In 2015 in the Studio of Sculpture, headed by Lukáš Rittstein, I was captivated by her corner installation **Something Happened (2015)**, which created an illusion of a room architecture filled with various objects as well as shelves on which objects have been placed, the latter things being either made of plaster casts or glued porcelain shards. The original shape and function of each and every one of them was somehow distorted, such as the plaster milk flowing from a cup through a chair. Although it was a spatial collage, the installation felt like a self-contained whole and possessed its original poetry. Dundálkováʼs diploma work, entitled **You Donʼt Want This (2016)** and exhibited in the Trade Fair Palace in 2016, was in part based on the previous work. Here, the artistʼs passion for object and material found its full expression. Dundálková is fascinated by ceramics and other materials linked with applied arts. She excels in fusing the intimacy of a lived-in space and its everyday objects, at the same time imbuing them with immense monumentality. She often constructs complex architecture for her installations, whether it is a system of metal shelves or an illusory wall, as is the case of the presented exhibition. Dundálkováʼs oeuvre to date is firmly anchored in sculpture but, similar to Pavla Sceranková and Eva Koťátková, she too explores its potential through performative approaches and video.
Dundálková explicitly introduced performative work with her own body at one of her first solo exhibitions. It was held in January 2014 in Galerie K4 in Prague. The exhibition presented her video created on the basis of a performance of **Dining (2016)** by Dundálková and her colleague. Pavlaʼs body had become part of the table along with the opulent feast, all thus resulting in a still-life with food and the body enjoying it. The body, however, boasted extraordinary capabilities. Thanks to perfect choreography and the fact that the second performer was hidden under the table, the artist could for example take a sip from a glass placed on the distant end of the set table by burying her hand into the desk, and the hand would appear on that opposite side and would push the glass forward to her.

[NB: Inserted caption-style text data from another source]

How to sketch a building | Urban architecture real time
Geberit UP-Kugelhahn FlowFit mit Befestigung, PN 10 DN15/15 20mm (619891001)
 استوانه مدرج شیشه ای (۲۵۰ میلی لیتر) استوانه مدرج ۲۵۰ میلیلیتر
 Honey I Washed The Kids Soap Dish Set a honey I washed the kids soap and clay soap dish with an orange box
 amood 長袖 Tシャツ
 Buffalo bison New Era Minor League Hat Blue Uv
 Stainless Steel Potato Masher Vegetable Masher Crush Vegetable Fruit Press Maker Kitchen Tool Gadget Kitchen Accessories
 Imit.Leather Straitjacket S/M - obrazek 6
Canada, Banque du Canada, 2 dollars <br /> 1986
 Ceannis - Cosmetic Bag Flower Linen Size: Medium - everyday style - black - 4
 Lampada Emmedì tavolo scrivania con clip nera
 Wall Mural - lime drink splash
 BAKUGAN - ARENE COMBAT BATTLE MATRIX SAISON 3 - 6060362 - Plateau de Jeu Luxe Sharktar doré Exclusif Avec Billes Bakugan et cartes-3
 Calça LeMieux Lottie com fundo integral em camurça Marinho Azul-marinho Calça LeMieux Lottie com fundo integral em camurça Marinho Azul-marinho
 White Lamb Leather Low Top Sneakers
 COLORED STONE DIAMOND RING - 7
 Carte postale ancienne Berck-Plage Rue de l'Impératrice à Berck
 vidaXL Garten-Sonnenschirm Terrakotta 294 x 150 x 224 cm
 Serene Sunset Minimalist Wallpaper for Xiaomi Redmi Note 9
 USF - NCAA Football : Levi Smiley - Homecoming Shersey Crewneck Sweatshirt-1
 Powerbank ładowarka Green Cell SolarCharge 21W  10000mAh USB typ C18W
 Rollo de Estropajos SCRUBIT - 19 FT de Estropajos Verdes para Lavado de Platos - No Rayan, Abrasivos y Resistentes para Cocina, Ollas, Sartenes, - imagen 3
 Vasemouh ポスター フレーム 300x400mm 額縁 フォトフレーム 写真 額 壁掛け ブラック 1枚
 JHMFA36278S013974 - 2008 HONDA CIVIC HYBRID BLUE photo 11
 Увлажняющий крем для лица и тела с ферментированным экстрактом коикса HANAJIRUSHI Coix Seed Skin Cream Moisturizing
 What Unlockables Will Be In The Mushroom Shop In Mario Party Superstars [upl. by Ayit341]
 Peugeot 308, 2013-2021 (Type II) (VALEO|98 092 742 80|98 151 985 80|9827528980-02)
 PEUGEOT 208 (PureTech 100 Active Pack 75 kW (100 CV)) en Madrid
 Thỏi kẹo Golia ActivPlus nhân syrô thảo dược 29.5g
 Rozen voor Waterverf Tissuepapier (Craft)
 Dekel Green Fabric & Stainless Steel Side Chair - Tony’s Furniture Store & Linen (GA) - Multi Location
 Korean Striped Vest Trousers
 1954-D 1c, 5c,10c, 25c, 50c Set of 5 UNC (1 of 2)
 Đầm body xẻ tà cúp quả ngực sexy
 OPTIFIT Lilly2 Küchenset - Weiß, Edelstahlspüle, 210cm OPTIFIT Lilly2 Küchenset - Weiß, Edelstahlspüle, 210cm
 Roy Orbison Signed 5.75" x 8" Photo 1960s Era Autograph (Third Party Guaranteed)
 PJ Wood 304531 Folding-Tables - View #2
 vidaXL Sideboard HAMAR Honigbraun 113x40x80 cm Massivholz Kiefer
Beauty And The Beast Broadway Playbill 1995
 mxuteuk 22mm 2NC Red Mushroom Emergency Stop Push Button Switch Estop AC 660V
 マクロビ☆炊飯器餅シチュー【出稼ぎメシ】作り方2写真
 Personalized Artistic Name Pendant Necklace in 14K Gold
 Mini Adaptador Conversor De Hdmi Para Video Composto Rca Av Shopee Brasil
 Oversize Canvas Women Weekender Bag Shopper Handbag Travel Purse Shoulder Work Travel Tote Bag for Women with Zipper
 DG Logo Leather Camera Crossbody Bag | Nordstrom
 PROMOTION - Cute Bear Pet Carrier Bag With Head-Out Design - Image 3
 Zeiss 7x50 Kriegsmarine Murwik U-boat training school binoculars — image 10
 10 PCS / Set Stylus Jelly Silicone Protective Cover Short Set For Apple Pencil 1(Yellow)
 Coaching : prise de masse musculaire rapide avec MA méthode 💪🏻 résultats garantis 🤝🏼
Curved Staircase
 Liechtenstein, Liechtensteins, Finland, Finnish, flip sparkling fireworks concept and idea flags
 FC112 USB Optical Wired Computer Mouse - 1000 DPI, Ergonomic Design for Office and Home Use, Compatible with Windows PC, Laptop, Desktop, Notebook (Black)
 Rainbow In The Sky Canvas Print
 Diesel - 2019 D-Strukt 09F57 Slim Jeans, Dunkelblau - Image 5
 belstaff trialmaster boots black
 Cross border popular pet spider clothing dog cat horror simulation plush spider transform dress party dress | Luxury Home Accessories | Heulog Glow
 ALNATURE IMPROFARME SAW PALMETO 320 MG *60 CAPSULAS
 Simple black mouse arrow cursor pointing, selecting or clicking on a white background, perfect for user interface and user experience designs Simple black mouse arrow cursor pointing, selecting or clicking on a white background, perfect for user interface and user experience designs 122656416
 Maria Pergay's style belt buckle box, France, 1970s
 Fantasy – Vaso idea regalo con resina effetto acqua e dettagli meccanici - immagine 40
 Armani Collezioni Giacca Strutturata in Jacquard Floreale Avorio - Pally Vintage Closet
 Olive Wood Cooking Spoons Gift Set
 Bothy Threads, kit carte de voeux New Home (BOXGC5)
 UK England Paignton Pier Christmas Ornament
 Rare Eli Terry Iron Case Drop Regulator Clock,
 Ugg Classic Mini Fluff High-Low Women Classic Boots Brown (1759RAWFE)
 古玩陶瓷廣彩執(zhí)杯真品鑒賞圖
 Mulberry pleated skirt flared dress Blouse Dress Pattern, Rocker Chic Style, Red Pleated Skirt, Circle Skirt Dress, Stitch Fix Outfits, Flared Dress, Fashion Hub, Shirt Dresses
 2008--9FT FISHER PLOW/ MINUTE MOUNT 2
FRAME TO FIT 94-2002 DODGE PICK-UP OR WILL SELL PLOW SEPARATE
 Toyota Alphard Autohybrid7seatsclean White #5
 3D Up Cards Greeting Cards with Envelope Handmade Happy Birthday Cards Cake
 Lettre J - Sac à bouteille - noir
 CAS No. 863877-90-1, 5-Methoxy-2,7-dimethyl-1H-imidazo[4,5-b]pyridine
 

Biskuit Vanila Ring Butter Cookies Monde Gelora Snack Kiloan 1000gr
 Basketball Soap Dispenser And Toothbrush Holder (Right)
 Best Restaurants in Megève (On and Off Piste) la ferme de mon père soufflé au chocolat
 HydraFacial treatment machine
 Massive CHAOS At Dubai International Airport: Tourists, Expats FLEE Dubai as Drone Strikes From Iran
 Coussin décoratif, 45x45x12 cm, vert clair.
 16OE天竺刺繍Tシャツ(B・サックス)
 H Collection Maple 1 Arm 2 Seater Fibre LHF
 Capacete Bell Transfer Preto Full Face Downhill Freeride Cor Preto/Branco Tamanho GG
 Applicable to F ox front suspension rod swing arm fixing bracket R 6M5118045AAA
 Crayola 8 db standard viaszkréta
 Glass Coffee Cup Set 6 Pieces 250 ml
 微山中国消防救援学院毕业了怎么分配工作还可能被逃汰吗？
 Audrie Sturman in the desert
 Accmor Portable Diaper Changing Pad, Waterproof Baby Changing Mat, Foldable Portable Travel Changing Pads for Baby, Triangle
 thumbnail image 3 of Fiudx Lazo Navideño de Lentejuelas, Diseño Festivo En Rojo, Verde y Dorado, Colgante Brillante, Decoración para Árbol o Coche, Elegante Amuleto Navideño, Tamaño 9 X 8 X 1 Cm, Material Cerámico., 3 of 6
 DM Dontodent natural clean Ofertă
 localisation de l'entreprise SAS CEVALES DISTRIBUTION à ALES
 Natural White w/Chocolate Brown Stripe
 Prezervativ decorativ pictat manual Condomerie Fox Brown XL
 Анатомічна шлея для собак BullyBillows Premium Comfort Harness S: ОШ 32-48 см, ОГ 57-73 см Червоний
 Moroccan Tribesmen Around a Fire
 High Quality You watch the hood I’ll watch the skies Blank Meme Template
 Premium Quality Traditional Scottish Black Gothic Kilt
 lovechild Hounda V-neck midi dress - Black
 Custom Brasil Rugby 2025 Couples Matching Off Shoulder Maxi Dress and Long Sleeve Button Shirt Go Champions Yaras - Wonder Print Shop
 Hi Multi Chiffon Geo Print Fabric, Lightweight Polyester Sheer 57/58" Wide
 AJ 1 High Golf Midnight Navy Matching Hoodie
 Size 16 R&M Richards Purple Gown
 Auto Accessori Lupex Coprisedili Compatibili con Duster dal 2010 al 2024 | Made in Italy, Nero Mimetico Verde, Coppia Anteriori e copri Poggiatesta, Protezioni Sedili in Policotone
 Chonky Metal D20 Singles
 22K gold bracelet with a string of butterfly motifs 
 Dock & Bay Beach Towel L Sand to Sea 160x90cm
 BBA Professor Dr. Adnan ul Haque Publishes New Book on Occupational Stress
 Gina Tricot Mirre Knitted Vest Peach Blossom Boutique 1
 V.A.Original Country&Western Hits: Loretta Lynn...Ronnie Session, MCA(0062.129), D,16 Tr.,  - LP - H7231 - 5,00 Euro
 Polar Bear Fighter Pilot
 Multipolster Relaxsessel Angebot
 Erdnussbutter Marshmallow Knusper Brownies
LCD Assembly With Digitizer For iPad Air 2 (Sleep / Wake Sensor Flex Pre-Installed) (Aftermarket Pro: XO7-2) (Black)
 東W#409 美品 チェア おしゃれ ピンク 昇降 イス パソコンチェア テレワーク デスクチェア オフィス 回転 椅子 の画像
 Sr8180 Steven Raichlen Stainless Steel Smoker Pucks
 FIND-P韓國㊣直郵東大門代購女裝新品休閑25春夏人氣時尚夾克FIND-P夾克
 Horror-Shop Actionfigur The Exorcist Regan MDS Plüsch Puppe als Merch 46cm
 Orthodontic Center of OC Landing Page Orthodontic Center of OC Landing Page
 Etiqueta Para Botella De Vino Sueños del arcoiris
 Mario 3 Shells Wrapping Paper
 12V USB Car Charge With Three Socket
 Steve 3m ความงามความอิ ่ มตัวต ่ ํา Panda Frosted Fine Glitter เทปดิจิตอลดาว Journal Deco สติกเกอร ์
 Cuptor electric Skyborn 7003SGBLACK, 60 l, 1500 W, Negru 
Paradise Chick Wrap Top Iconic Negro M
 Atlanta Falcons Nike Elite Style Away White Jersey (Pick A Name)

Here again, it was about developing a refined relation between body, ordinary objects – such as table, dishware, cutlery – and space. It was a performed spatial illusory pun.
In late 2015 Dundálková presented her video **Afraid of Darkness? (2015)** in the Garage Gallery in Zlín. In it, she examined her childhood memories and the places where we grew up in a fond sense of security. Dundálkováʼs work often touches upon the situations when the flow of everyday timelessness is suddenly interrupted by a moment of life being possibly at stake. An unexpected accident or a constellation of things, when our heart instantly changes its frequency and our mortal frame begins to tremble inside, expecting someone to say: “Donʼt worry, this is just as if…”
Dundálkováʼs works displayed in the current exhibition also relate to this very point. The main installation is inspired by the oeuvre of the above-mentioned Vilhelm Hammershøi. The artist is attracted by his intimacy, the refinement that allows him to seize the invisible flow of time, to imbue his works with existential contents, which at first sight seem to be mere impressions of the everyday. She believes that even this intimate apolitical art mirrors the era when the artist lived, 19th- century society with its publicly tied morals, its hierarchy of power and its patriotism which all can be sensed from an outline of a woman present in some pictures almost as an inseparable part of a flatʼs furnishing. In the present exhibition, entitled **When I Close the Window, I Donʼt Hear the Street Noise**, Dundálková explores the exact boundary where private space comes into contact with public space. For the Presidential Salon, she has prepared a multi-layered installation responding to the complex social and political situation of today, when global affairs uncontrollably pervade our living rooms and when we all are heavily affected by the consequences of fear caused by bad news.